Information provided:
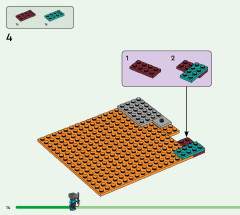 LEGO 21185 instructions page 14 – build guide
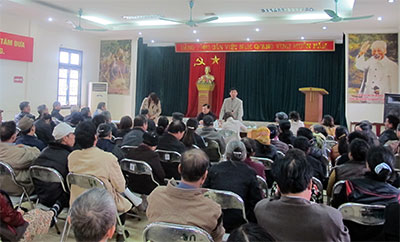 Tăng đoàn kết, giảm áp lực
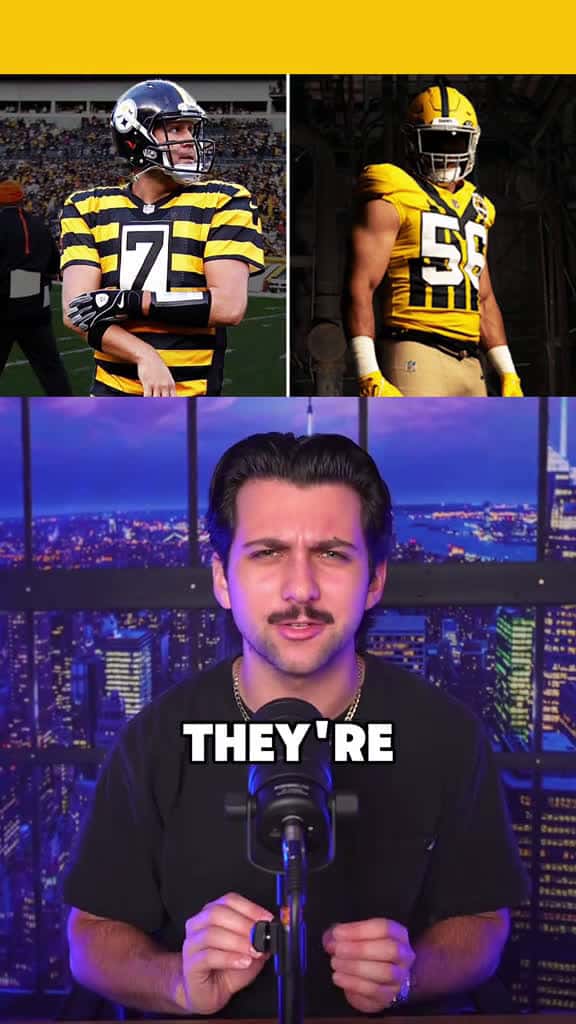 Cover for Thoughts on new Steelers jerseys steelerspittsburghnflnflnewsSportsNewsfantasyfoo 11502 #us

Problem:
I would like the material repeated in full and exactly, with its images omitted.

Response:
 LEGO 21185 instructions page 14 – build guide
 Tăng đoàn kết, giảm áp lực
 Cover for Thoughts on new Steelers jerseys steelerspittsburghnflnflnewsSportsNewsfantasyfoo 11502 #us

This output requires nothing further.